Information shown:
_ _ _ _ _ _ _

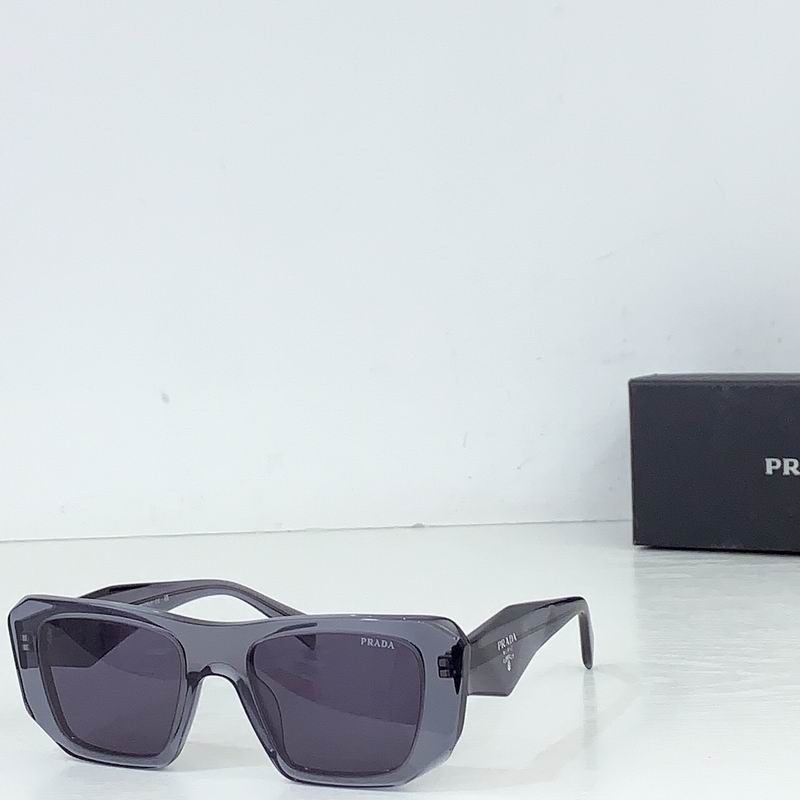 Prada 090303 b05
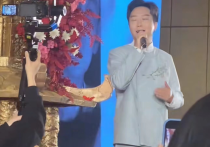明星李玉刚的个人资料一把年纪的李玉刚依然保持单身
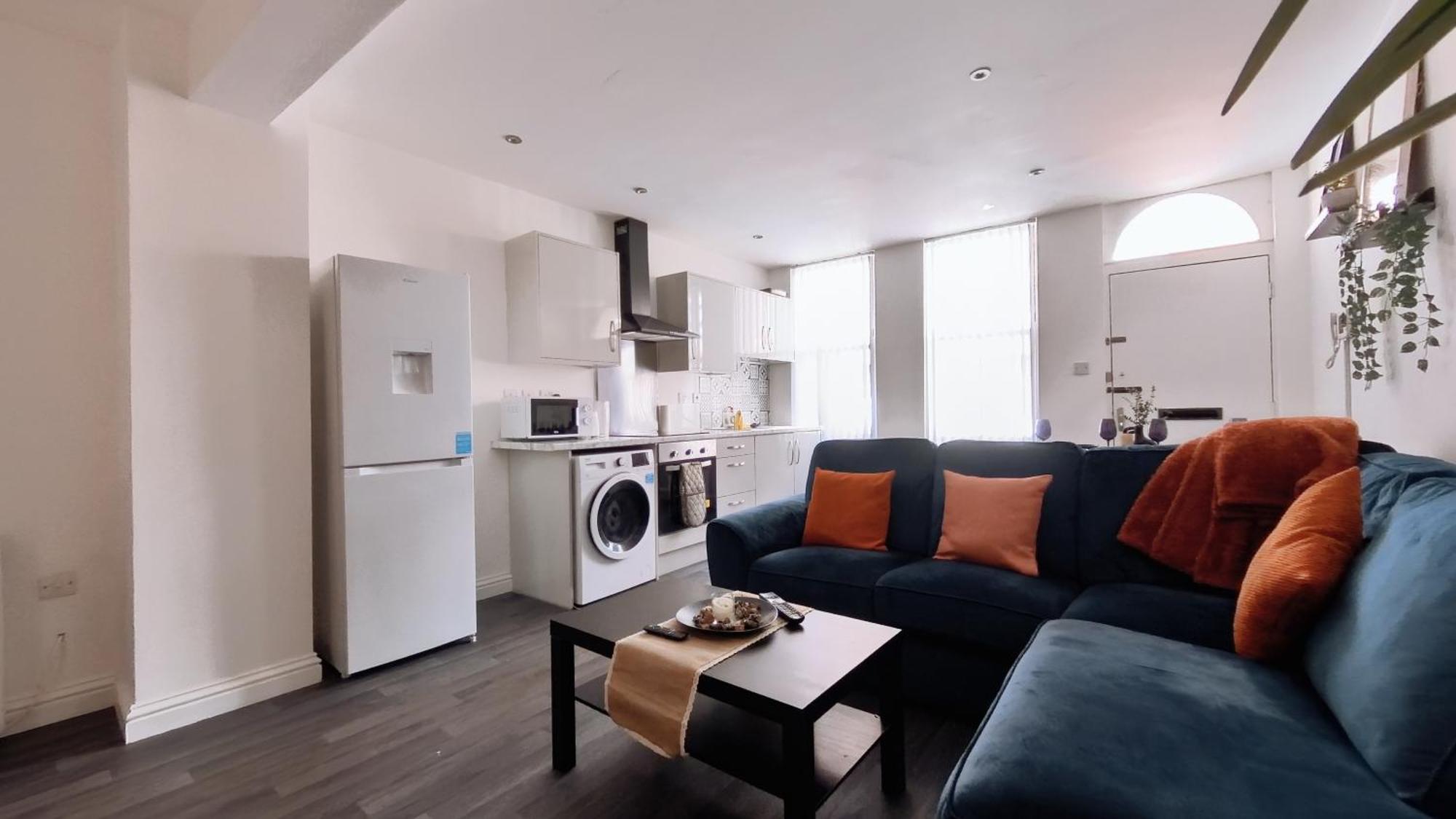 Group Bookings: Up To 30 Guests Across 5 Spacious Flats! Keyless Access Free Wifi & Parking Birmingham Zewnętrze zdjęcie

_ _ _ _ _ _ _

Exercise: Every line of the listing above is to be retyped exactly, but the pictures are to be dropped.

Response for this exercise:
 Prada 090303 b05
明星李玉刚的个人资料一把年纪的李玉刚依然保持单身
 Group Bookings: Up To 30 Guests Across 5 Spacious Flats! Keyless Access Free Wifi & Parking Birmingham Zewnętrze zdjęcie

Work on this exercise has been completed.